Activist Investors: What Every Shareholder Should Be?

If you’re a part-owner of a business and the value of your business is falling, what would you do? Would you do nothing, believing the directors and management have things under control? What would it take before you felt like taking matters into your own hands?

Unfortunately, a lot of individual shareholders do nothing. Many don’t even look at proxy statements or vote for directors. According to Jason Zweig, on average between a third and a half of all individual investors don’t vote their proxies. A simple vote should be a basic shareholder responsibility. The company and other shareholders benefit by having all shareholders acting with the best interests of the company in mind. I think it’s been true since the time of Graham that most investors put most of their effort into buying a stock, a little into selling it, but none into owning it.

With these thoughts in mind, there are some guys out there who put a whole bunch of effort into owning stocks. These are the activist investors, often guys who run hedge funds.
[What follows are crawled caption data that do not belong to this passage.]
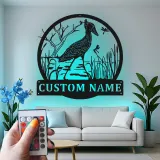Enseigne héron en métal personnalisée | Décoration murale faune LED | Décor oiseau personnalisé pour amoureux de la nature | Enseigne cabane rustique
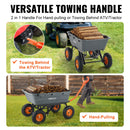 VEVOR Chariot à benne basculante, capacité de charge 680 kg​, chariot de jardin en polyéthylène robuste avec cadre en acier, poignée convertible 2 en 1, roues 330 mm, brouette utilitaire pour pelouse - image 4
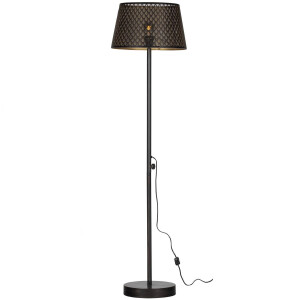 WOOOD Exclusive Kars Vloerlamp - Metaal - Zwart/Brass (161x42x42 cm)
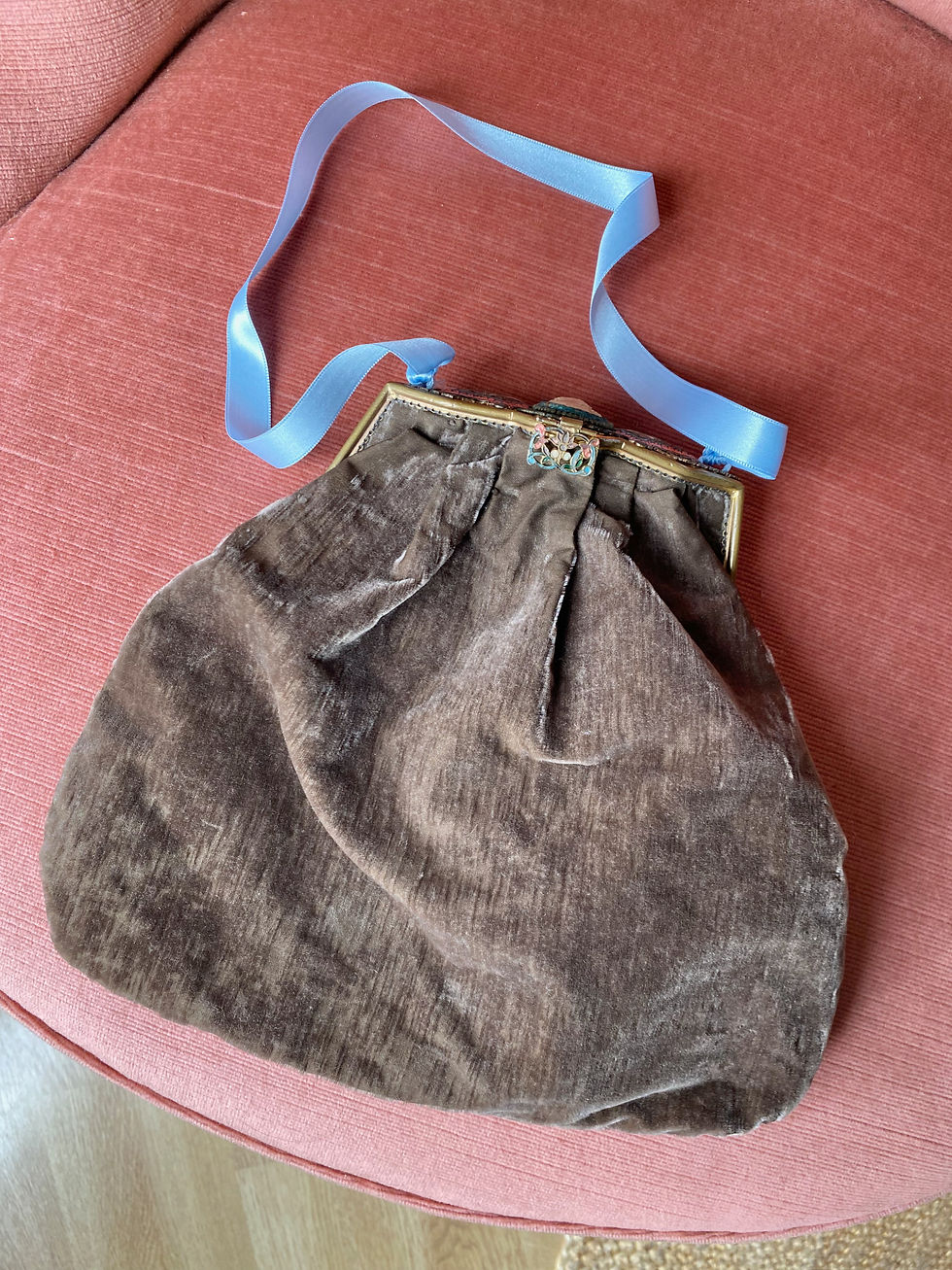 Miniature : RARE - Sac en velours de soie début XXème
The most interesting guy I’ve currently been reading about is Phil Goldstein who runs Bulldog Investors (see the recent Fortune article, dated June 18, 2008).

Phil used to be a civil engineer for New York, but got bored with it and nearly became a professional gambler, but instead focused his attention on investing in closed-end funds. The neat thing about closed end funds is the fact that they seem to be more prone to market ineffeciences.

Like traditional mutual funds, closed-end funds invest in stocks and bonds, typically with some sector or strategic focus. Shares are bought and sold on major exchanges, where they can trade for more or less than a fund’s net asset value, or NAV, which is defined as the current market price of all the investments it holds. In other words, the stock price can be higher or lower than the per share value of the fund’s investments.

The way Goldstein makes money is by investing in closed-end funds that are trading at a deep discount to its NAV and then using his large stake to pressure management to make changes that will close percentage gap between the share price and the NAV. Pressuring management usually means asking nicely first, and then progressing to proxy fights or litigation. The most common methods for closing the gap is either opening up the fund or liquidating the fund.

Though it might be easy to spot the inefficienies (just look here – easy as pie!), it seems to be a lot harder to eliminate the efficiencies. Challenging difficult and intransigent management via proxy fights and legal battles could very well end up being Pyrrhic victories. However, in the end, I think people like Phil Goldstein and Carl Icahn (check out his new blog) are the embodiment of the ultimate shareholder as their actions have in the end benefited both their “targets” and their co-shareholders by eliminating inefficiencies and by increasing shareholder value.